The movie, by Brazilian director Sergio Rezende, tells the story through the fictional experience of a middle-class mother who is drawn into the murky world of the PCC and corrupt prison officials after her son is jailed for murder.
At one point, it depicts state officials desperately negotiating with PCC leaders to stop the rampage — something they have denied doing. In another scene, police shoot dead two youths merely for being on the street during the violence.
Luiz Eduardo Soares, a respected former national secretary of public security, said many Brazilians still don’t understand that the violence originated with the brutal treatment of prisoners, and that little has changed since the attacks.
“It needs to be understood that the state was responsible for the origin of the problem, something that wasn’t admitted by many at the time of the explosion,” he said after a showing of the film in Rio de Janeiro in September.
The documentary “Dancing with the Devil,” which premiered at Rio’s annual film festival on Sunday, traces the daily lives of three men caught up in the city’s violence — a drug lord, a police officer and an evangelical pastor.
The movie, filmed last year by British Oscar-winning documentary director Jon Blair, is among the most intimate portraits yet of the Rio’s long-running drug violence. Unusually, the drug traffickers in the film allowed their faces to be filmed.
Without passing judgment, the film essentially shows the trio trying to survive what one cop describes during one of the police’s almost daily raids on slums as “our crazy war.”
In doing so, it portrays the futility of the violence that plagues Brazil’s beachside city, which on Friday was awarded the 2016 Olympics and will be among the host cities for the 2014 soccer World Cup.
In a poignant scene, one of Rio’s most wanted drug lords known as “Tola” speaks with surprising eloquence about how his power and wealth have brought him only paranoia and misery.

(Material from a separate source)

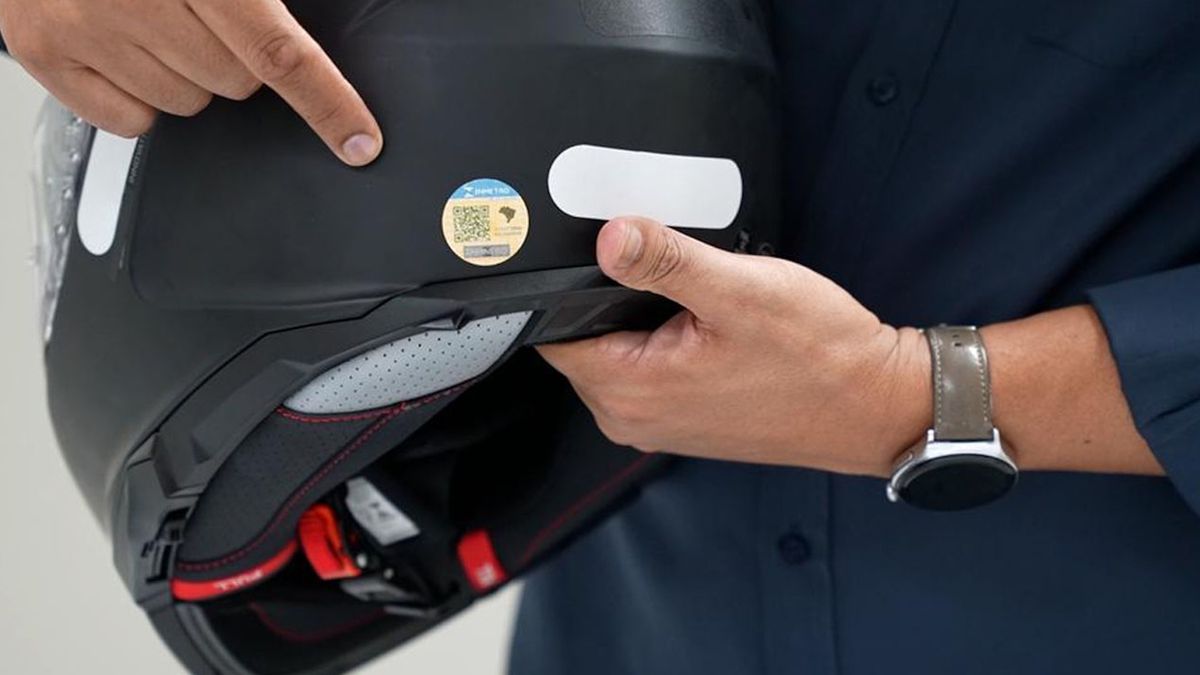 Vou precisar trocar meu capacete pelo com QR Code? Entenda a nova lei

“This isn’t life,” says the trafficker, whose body has been deformed by bullet wounds and who never learned to read. “It is better to eat bread with God than caviar with the devil.”
Near the end, a cop weeps after a fellow officer is shot in the head by traffickers and we learn that the film’s central drug lord “Spiderman” was killed by police this year. Police said they killed him in self defense, while slum residents said he was executed by officers as he begged for his life.
His place is immediately taken by a new drug boss.
Officials who campaigned for the Olympics have downplayed Rio’s security problems and some commentators expressed outrage last week when the New Yorker magazine published an article on Rio’s violence days before the Olympic host-city vote.
Blair told Reuters that many people had questioned the motives behind making a film showing Rio’s “violent underbelly,” but that Rio state’s nearly 6,000 murders a year showed that the city needs to look in the mirror.
“As a friend of Rio I believe the city needs to face up to the implications of these statistics as it prepares to host the 2014 World Cup and the 2016 Olympics, not to pretend they do not exist,” he said.